What's even cooler is I was able to look at comparable images from other horse's in order to see how much cooler their spines/withers are and see how P's body is unique. 

Here's one more example of the thermals:

Top picture is a side shot of her wither/shoulder (the purple blob at the top is a piece of mane) and the bottom picture are her front toes.  I don't know if you remember but it looked like P had blown an abscess that day (she hadn't been sore) but we couldn't quite tell if it was an abscess or part of the blister that her (mean, nasty, awful) boots gave her.  You can see the flaming white hot spot on her pastern from the boot (I felt so guilty), and just below you can see a different heat pattern in her hoof which pointed toward abscess.

just as a side - we did then "zoom in" on that foot and get a more detailed shot which literally showed where the abscess had been in more detail.  Vet said that she considered this image a very "general, almost fuzzy" image that she would always follow up on.  Once again.. how cool to think "gosh, does my horse have an abscess?" then be able to take a thermal image and see the compressed heat and know for certain that an abscess was the answer... so interesting.

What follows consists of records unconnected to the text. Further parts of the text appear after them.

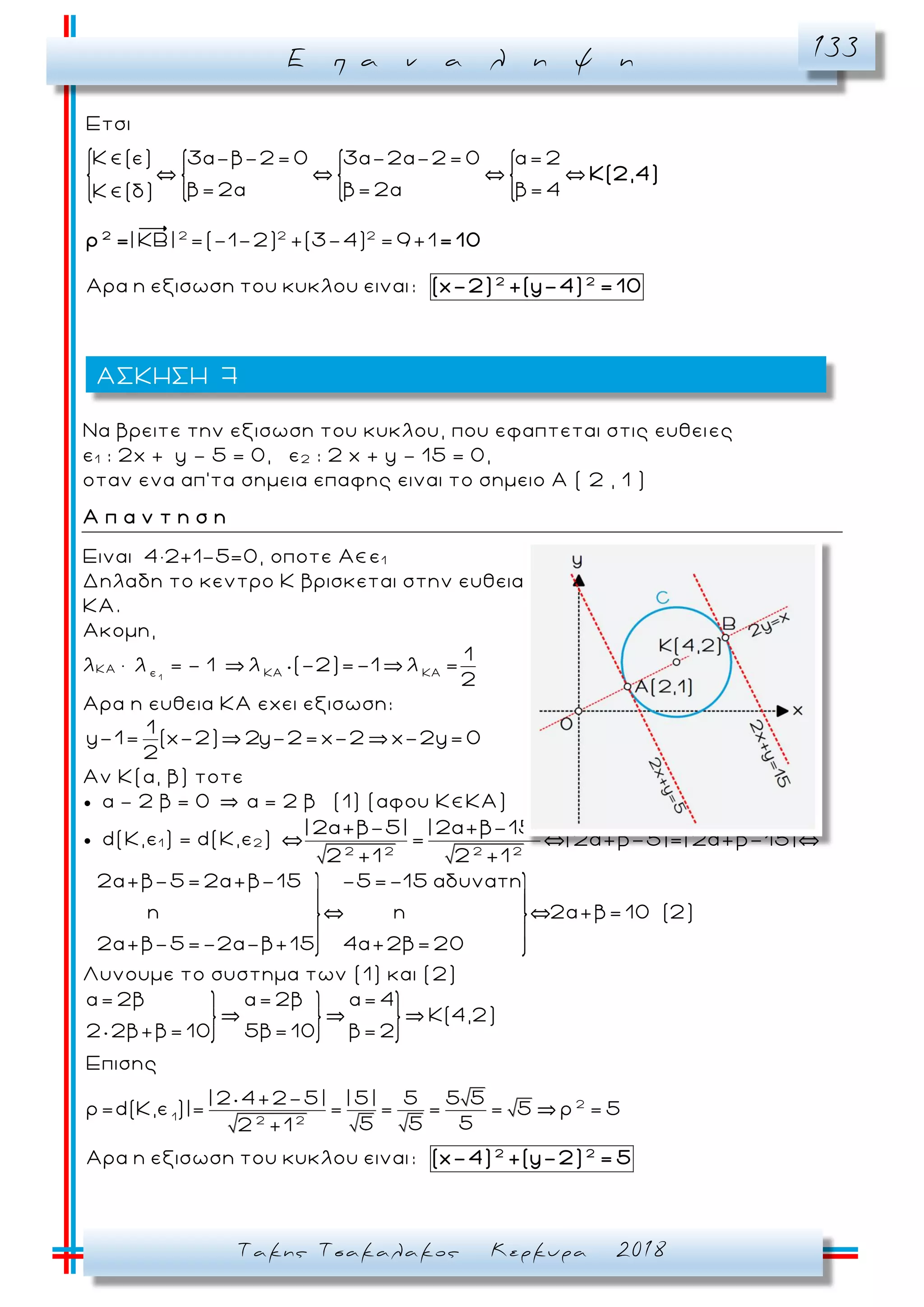 Ε π α ν α λ η ψ η 133
Τακης Τσακαλακος Κερκυρα 2018
2 2 2
Ετσι
Κ (ε) 3α-β-2= 0 3α-2α-2= 0 α= 2
β= 2α β= 2α β= 4Κ (δ)
| ΚΒ| =(-1-2) +(3-4) = 9 +1
Αρα η εξισωση του κυκλου ειναι:
2
2 2
Κ(2,4)
ρ = = 10
(x-2) +(y-4) = 10
Να βρειτε την εξισωση του κυκλου, που εφαπτεται στις ευθει ες
ε1 : 2x + y - 5 = 0, ε2 : 2 x + y - 15 = 0,
οταν ενα απ’τα σημεια επαφης ειναι το σημειο Α ( 2 , 1 )
Α π α ν τ η σ η
Ειναι 4∙2+1-5=0, οποτε Α ε1
Δηλαδη το κεντρο Κ βρισκεται στην ευθεια
ΚΑ.
Ακομη,
λΚ Α ∙
1ε
λ = - 1 ΚΑ ΚΑ
1
λ (-2)=-1 λ =
2
Αρα η ευθεια ΚΑ εχει εξισωση:
1
y-1= (x-2) 2y-2= x-2 x-2y= 0
2
Aν Κ(α, β) τοτε
 α - 2 β = 0 α = 2 β (1) (αφου Κ ΚΑ)
 d(Κ,ε1 ) = d(Κ,ε2 )
2 2 2 2
| 2α+β-5| | 2α+β-15|
` = `| 2α+β-5|=| 2α+β-15|`
2 +1 2 +1
2α+β-5= 2α+β-15 -5=-15 αδυνατη
η ` η `2α+β= 10 (2)
2α+β-5=-2α-β+15 4α+2β= 20
Λυνουμε το συστημα των (1) και (2)
2
1 2 2
α= 2β α= 2β α= 4
Κ(4,2)
2 2β+β= 10 5β= 10 β= 2
Επισης
| 2 4+2-5| | 5| 5 5 5
ρ=d(Κ,ε )|= = = = = 5 ρ = 5
55 52 +1
Αρα η εξισωση του κυκλου ειναι: 2 2
(x-4) +(y-2) = 5
ΑΣΚΗΣΗ 7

I definitely came away from the process with more understanding of how careful you have to be when taking pictures.  Directional sunlight is enough to warp the results, as is pretty much any sort of recent activity, mud, water, or sweat.  But, I feel like taken with enough consideration, the thermal images are a great additional tool for a vet to have in their tool box.  Certainly provides an interesting bit of information...

P wasn't so sure though.  She thought the camera was definitely a snack....


  1. That's pretty awesome. Would be very handy to have around.

  2. Wow, that is WAY cool. I wish we could take some thermal images of Saga's front feet right now - maybe it would give some idea of where the pain points are! Do you know if a lot of vets have this sort of technology?

  3. It sounds like its not that uncommon. BUT (always a but) like anything the camera technology has gotten exponentially better in recent years which has really contributed to making it a useful tool. My take was that the older cameras weren't as precise and therefore "thermal" got a bad rap as not that helpful. Though I can see how a crappy camera wouldn't have been much help...

  4. Very cool! I am sure that in the next few years, as the technology improves and the knowledge spreads, this will become a very common tool for vets. It would certainly take a lot of guess work out of some issues!

  5. How cool! Thanks for sharing!

  6. That is REALLY neat. Thanks for the explanation and photos.

  7. Wow, that is so cool! Very interesting to see and read about. So what is your vet's plan for dealing with her . . . hot spots?